We are particularly satisfied with the high electricity output - 5.7 TWh of electricity were generated by the Latvenergo Group in 2017. Productive electricity generation by the Daugava hydro power plants played the most important role; after several years of comparatively low water levels in the Daugava River, the water inflow was high last year and thus it was a very successful year for electricity generation.
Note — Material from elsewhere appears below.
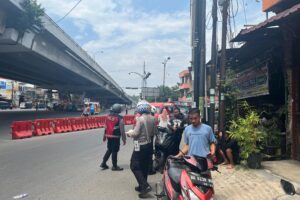 Hari Ke-6 Operasi Keselamatan Toba 2025: Polda Sumut Terus Intensifkan Sosialisasi dan Penegakan Hukum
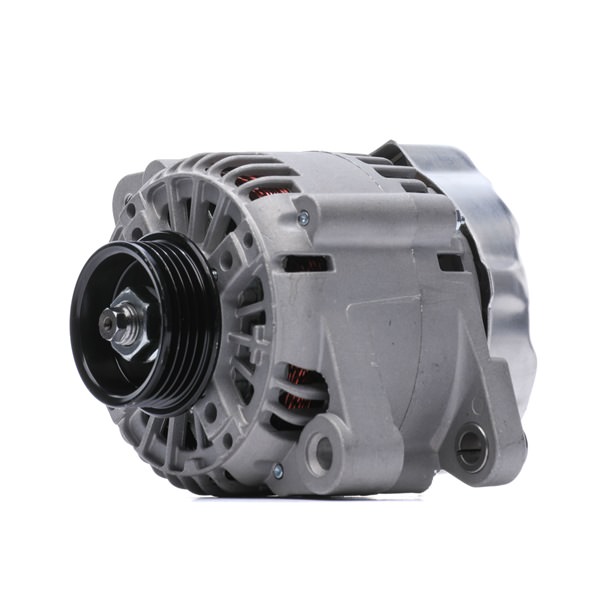 RIDEX 4G0797 Generátor DAIHATSU Copen I 1.3 87 LE Benzin árak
Last year Latvenergo Group has attested its importance for the national economy as a responsible electricity generator whose decisions have helped in reducing the amount of the mandatory procurement component."

Energy production

In 2017, the generation of the power plants of Latvenergo Group was among the historically highest levels, i.e. 5,734 GWh which is 22% above the level of 2016. Electricity generation at the Daugava HPP's has increased by 74% in 2017 and amounts to 4,270 GWh (2,449 GWh in 2016). Water inflow in the Daugava River was the major reason behind the increase in electricity generation by the Daugava HPP's, therefore electricity generation in 2017 has been the highest since 1998 and the third highest since the beginning of monitoring in 1966. Considering the successful electricity generation by the Daugava HPP's in 2017, electricity generation at Riga CHPP in 2017 was 36% below the level of the preceding year and amounted to 1,411 GWh. The heat production in 2017 has decreased by 2% compared to the last year and amounted to 2,612 GWh due to comparatively warmer weather during the heating season and entry of new heat producers on the market.

Trade

Latvenergo was among the biggest electricity traders in the Baltics. The electricity market share of the Group was around 27% of the total electricity retail market in the Baltics in 2017. The electricity sales outside Latvia account for 1/3 of the total retail sales of electricity. Totally 6.9 TWh of electricity were sold to retail customers in the Baltics in 2017: in Latvia– 4.6 TWh, in Lithuania – 1.3 TWh and in Estonia – 1 TWh. In April 2017 the natural gas market was opened in Latvia and Latvenergo Group started trading of natural gas to corporate customers in Latvia and Estonia.

Financial results

The revenue of Latvenergo Group in 2017 remained at the level of 2016 and amounted to 925.6 mill. EUR. The increase in electricity output at the Daugava HPP's contributed to the growth of the Group's profit. Besides the economic operations, also the Corporate Income Tax reform in Latvia provided a positive contribution to the profit. Latvenergo Group's EBITDA has increased by 38 % in the reporting year and amounted to 541.7 mill. EUR. In 2017, the Group’s profit was 322.0 mill. EUR and it consists of the Group’s operating result in the amount of 172.9 mill. EUR and a deferred tax reversal in the amount of 149.1 mill. EUR as the result of the tax reform*. In compliance with the Law "On Mid-term Budget 2018, 2019 and 2020", the forecasted amount of dividend payable to the state budget from the gained profit in the next few years amounts to 94.2 mill. EUR in 2018, 132.9 mill. EUR in 2019 and 127.1 mill. EUR in 2020.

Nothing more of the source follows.